Brown was also joined by Guy Pietra, the Human Resources Director at Union Metal. Union Metal produces steel and aluminum pools for lighting, traffic control, signage and communication. Union Metal has hired 15 employees referred by the Business Services Unit at the Employment Source with a salary range of $37,500 to $80,000. Also attending was Tonya Wheeler of Massillon, who—thanks to WIA-funded programs—was able to complete her education to become a Registered Nurse (RN) and will soon begin a new position as a supervisor floor nurse at Shady Lawn Nursing Home in Dalton.

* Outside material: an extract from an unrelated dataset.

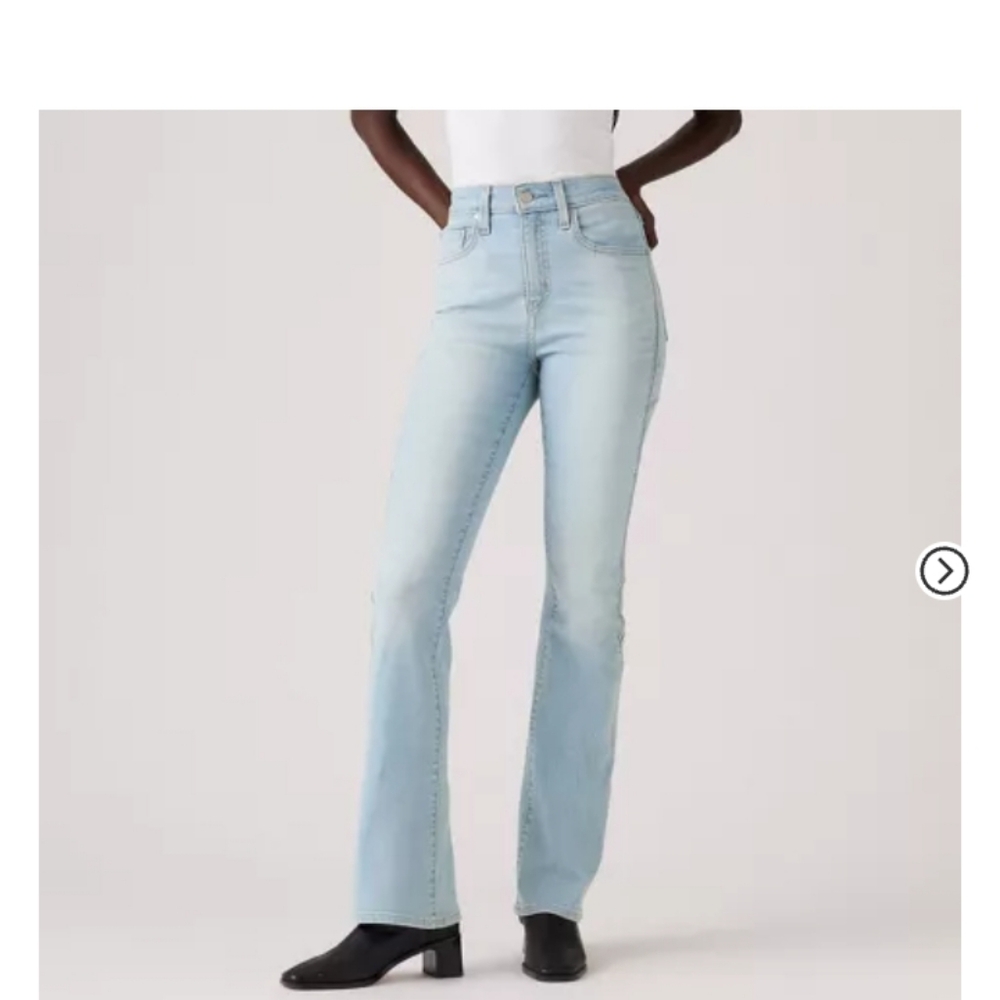 Levis sparkle on stripe high rise Jeans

Last week, Policy Matters Ohio (PMO) released a new report showing that the more than $370 million invested in Ohio from the Recovery Act for employment assistance and job training funds had a significant impact in saving jobs and retraining workers for new careers. These funds, invested in Ohio through the Workforce Investment Act (WIA), were primarily targeted to “One-Stop” centers providing a variety of services—from Internet and telephone access for job applicants to retraining programs for those who need to update skills for a new career. Policy Matters Ohio’s report found that WIA funds were well-targeted, as counties with greater economic distress received more funding per capita than counties with stronger economies. According to PMO, Stark County received $3,396,000 in WIA funds through the Recovery Act.

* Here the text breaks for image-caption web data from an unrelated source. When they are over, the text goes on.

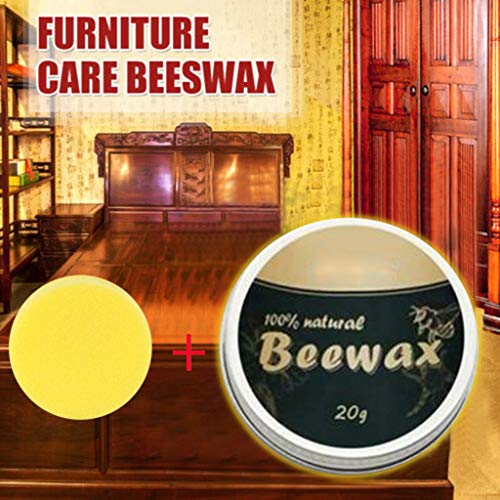 Product Cover Bokeley Natural Wood Seasoning Beeswax Complete Solution Furniture Care Beeswax Home Cleaning Cleaner and Protector Wax (1PC 210g)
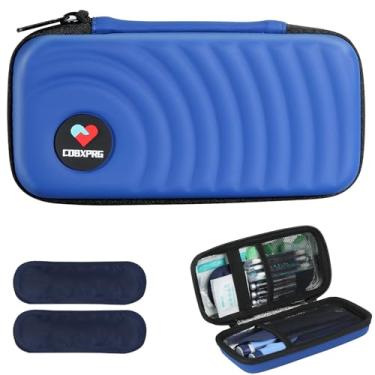 Imagem de CDBXPRG Estojo De Viagem Para Refrigerador De Insulina, Bolsa Organizadora Para Compressas Frias Para Diabéticos Com 2 Bolsas De Gelo Reutilizáveis Para Caneta De Insulina E Outros Medicamentos Par
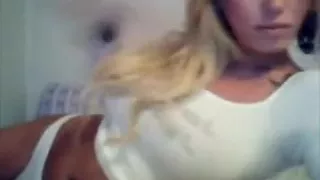 Astonishing Blonde In Softcore Posing For The Webcam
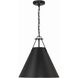 Xavier Pendant Ceiling Light in Matte Black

“The Recovery Act created or preserved millions of jobs, kept 4.5 billion Americans out of poverty, and helped stabilize our economy, which was on a real precipice. Our report found that Workforce Investment Funds—more than $370 million for our state alone—did an enormous amount to train Ohioans for the jobs of tomorrow. Cutting back on these critical programs is a wrong-headed move that could seriously jeopardize Ohio’s economic recovery,” said Amy Hanauer, executive director of Policy Matters Ohio, who also joined Brown at The Employment Source.